WHAT IS NEEDED » The answer must be every entry below, word for word, with the pictures left out.

INFORMATION GIVEN »
################

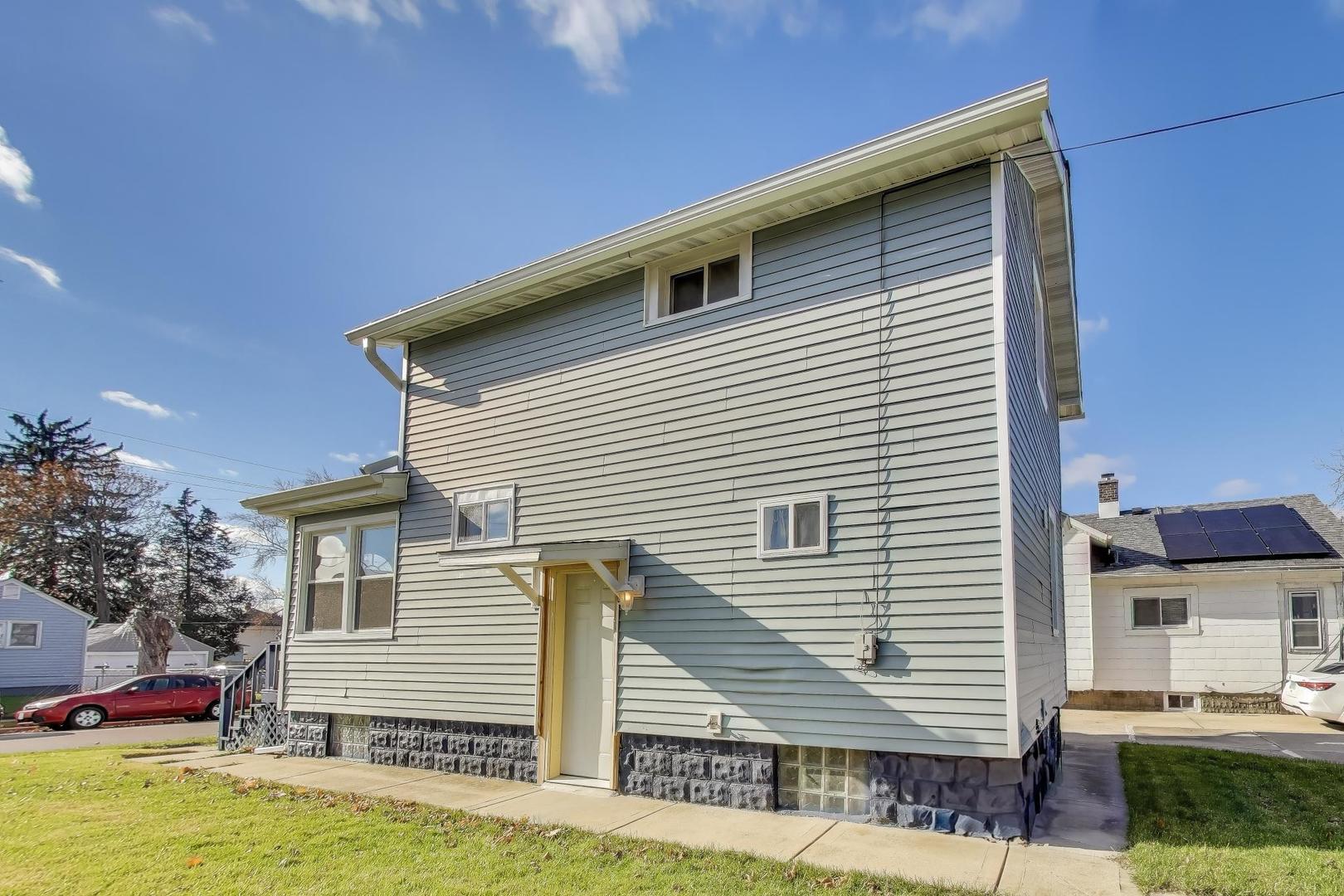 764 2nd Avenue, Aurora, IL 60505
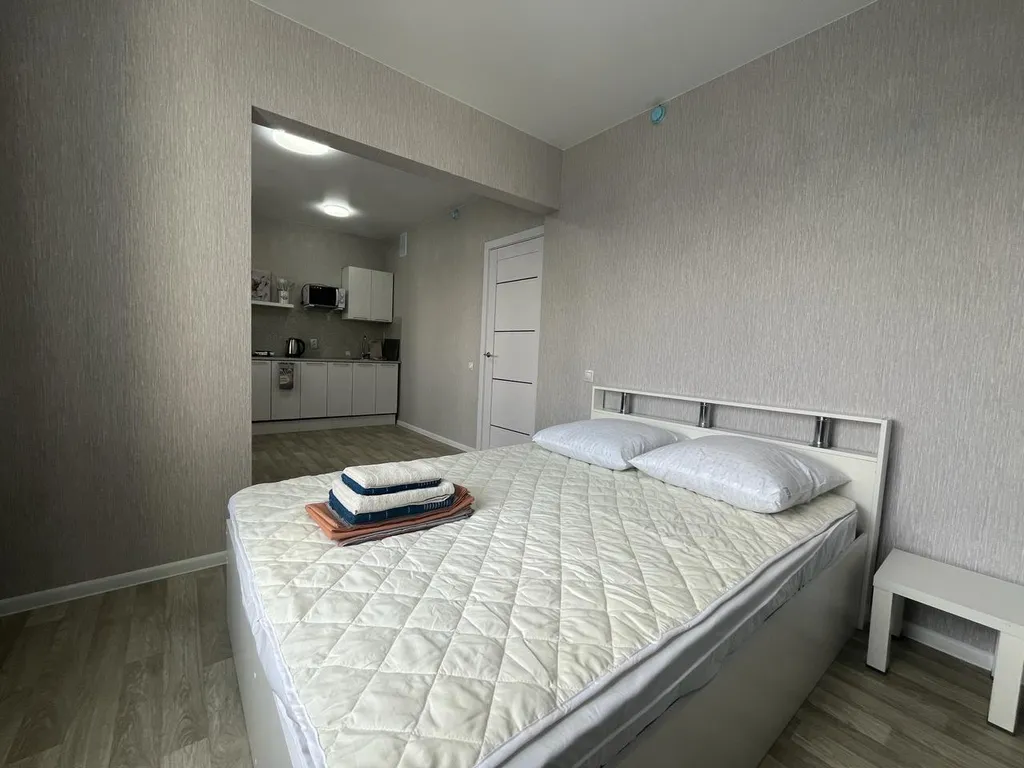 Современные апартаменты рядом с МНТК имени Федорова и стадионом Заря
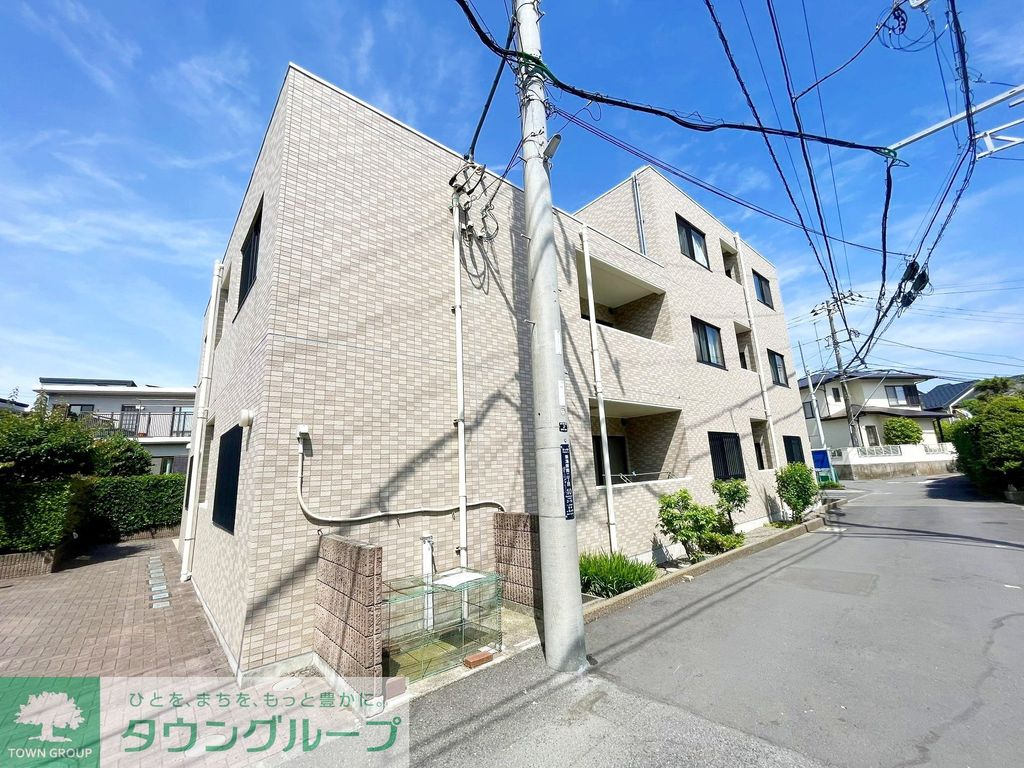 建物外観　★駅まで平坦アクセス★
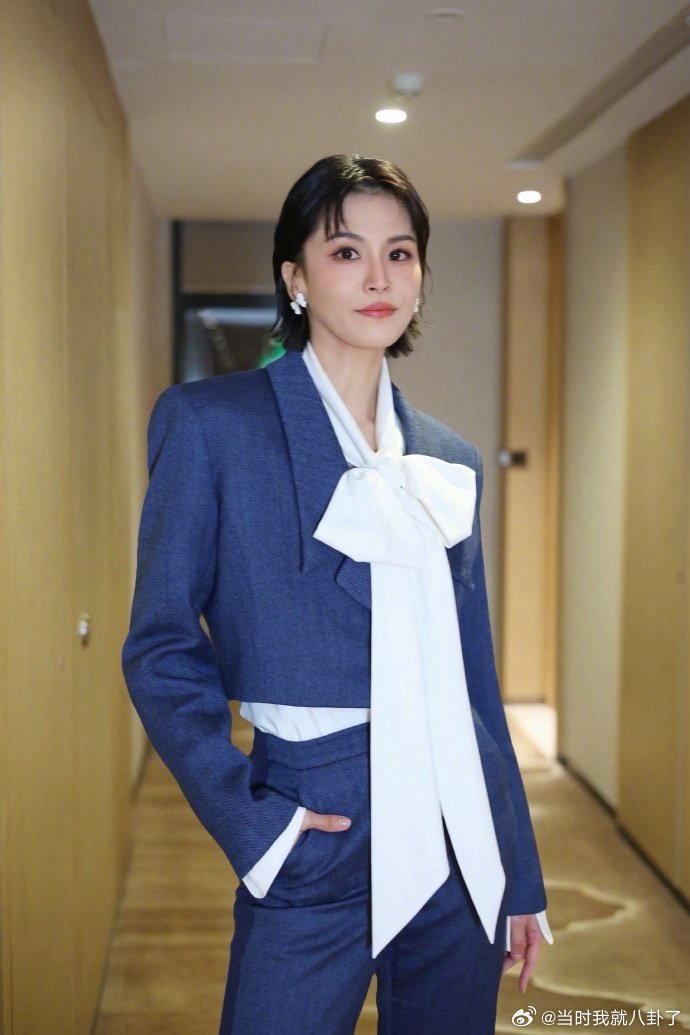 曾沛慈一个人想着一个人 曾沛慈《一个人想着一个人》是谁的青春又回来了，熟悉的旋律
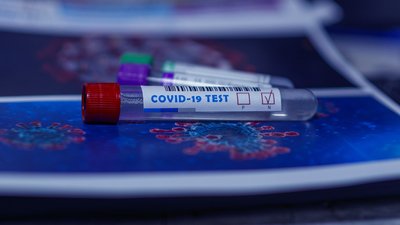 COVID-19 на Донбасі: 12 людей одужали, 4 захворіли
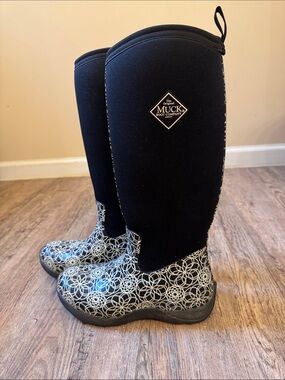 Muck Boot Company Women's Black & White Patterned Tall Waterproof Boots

################

ANSWER FOR THE TASK »
 764 2nd Avenue, Aurora, IL 60505
 Современные апартаменты рядом с МНТК имени Федорова и стадионом Заря
 建物外観　★駅まで平坦アクセス★
 曾沛慈一个人想着一个人 曾沛慈《一个人想着一个人》是谁的青春又回来了，熟悉的旋律
 COVID-19 на Донбасі: 12 людей одужали, 4 захворіли
 Muck Boot Company Women's Black & White Patterned Tall Waterproof Boots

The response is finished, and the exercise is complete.